Print exactly the lines of the listing below from the one containing "Hirotaka PCH-17-1015-V3-G Pneumatic" through the final line, both included, and no pictures.

(Beginning of Data for this task)

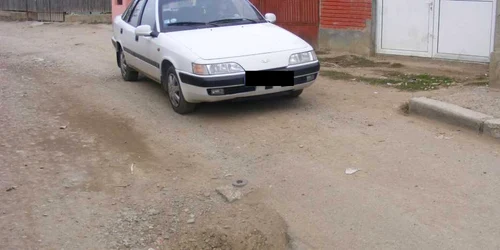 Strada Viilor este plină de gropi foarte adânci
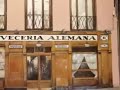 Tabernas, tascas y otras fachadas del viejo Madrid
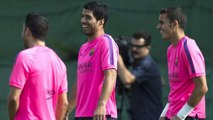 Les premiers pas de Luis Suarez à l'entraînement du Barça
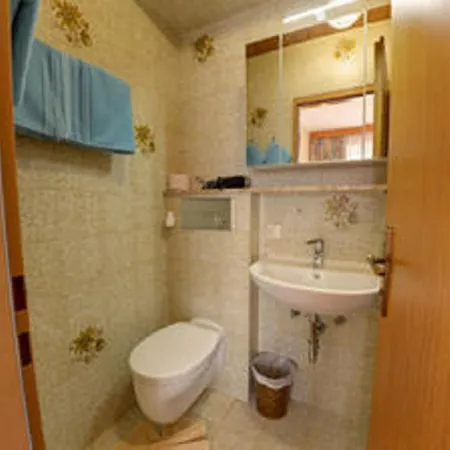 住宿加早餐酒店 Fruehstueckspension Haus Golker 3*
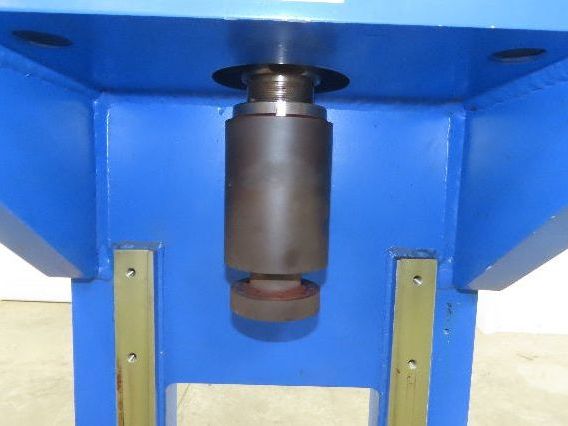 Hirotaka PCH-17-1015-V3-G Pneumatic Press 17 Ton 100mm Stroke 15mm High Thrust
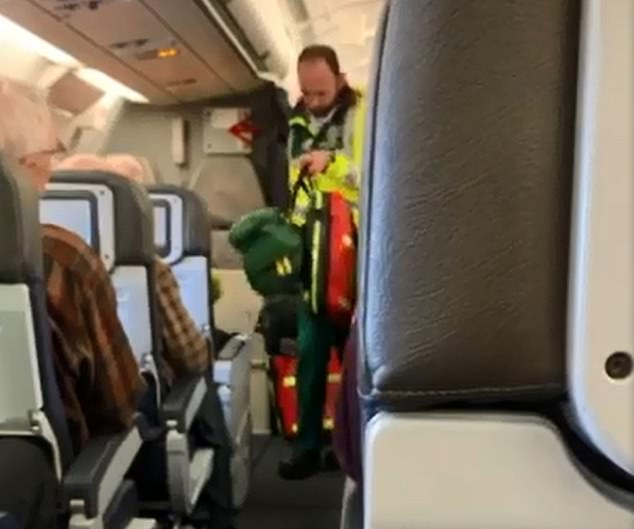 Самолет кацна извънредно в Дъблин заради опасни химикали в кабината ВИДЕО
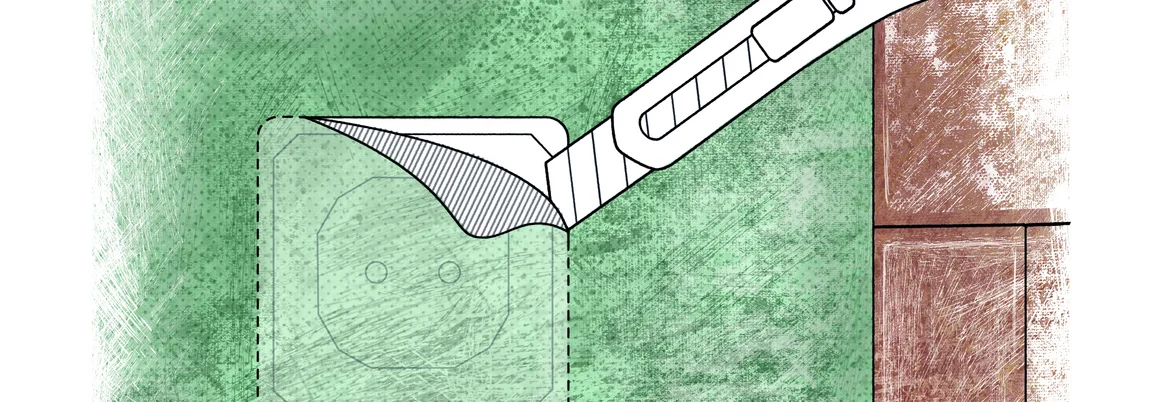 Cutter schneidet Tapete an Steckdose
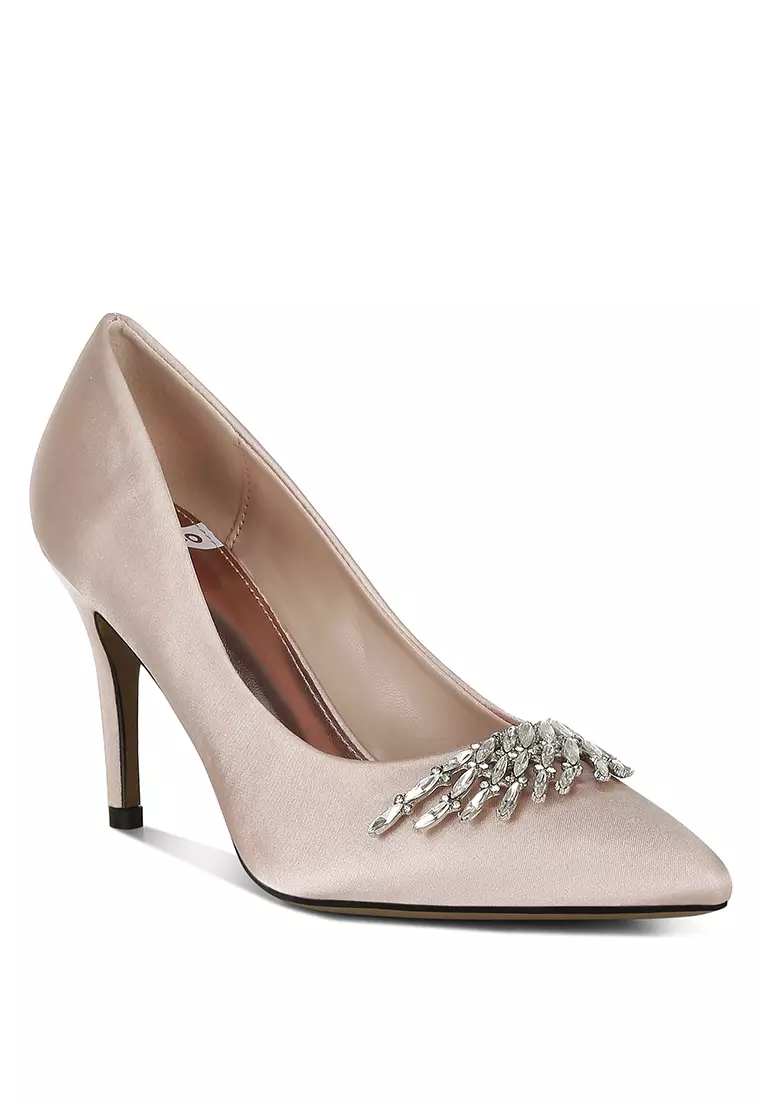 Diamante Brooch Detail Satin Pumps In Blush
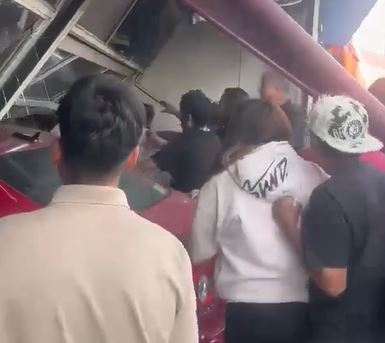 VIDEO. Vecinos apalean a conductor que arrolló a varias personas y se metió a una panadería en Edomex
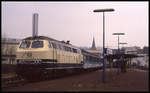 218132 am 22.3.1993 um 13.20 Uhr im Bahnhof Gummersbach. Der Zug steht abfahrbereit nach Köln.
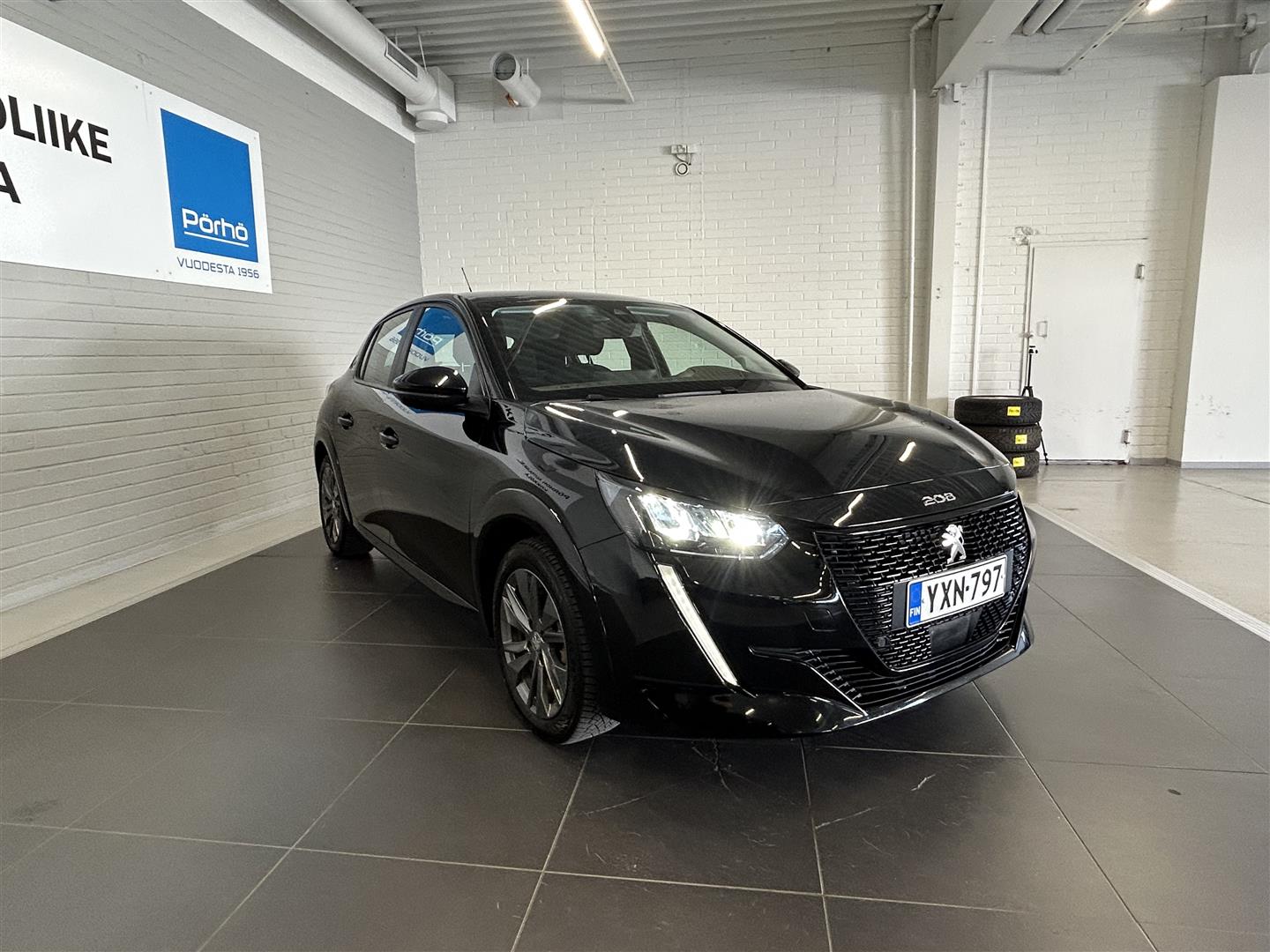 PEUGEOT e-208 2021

(End of Data for this task)

Written solution:
 Hirotaka PCH-17-1015-V3-G Pneumatic Press 17 Ton 100mm Stroke 15mm High Thrust
 Самолет кацна извънредно в Дъблин заради опасни химикали в кабината ВИДЕО
 Cutter schneidet Tapete an Steckdose
 Diamante Brooch Detail Satin Pumps In Blush
 VIDEO. Vecinos apalean a conductor que arrolló a varias personas y se metió a una panadería en Edomex
 218132 am 22.3.1993 um 13.20 Uhr im Bahnhof Gummersbach. Der Zug steht abfahrbereit nach Köln.
 PEUGEOT e-208 2021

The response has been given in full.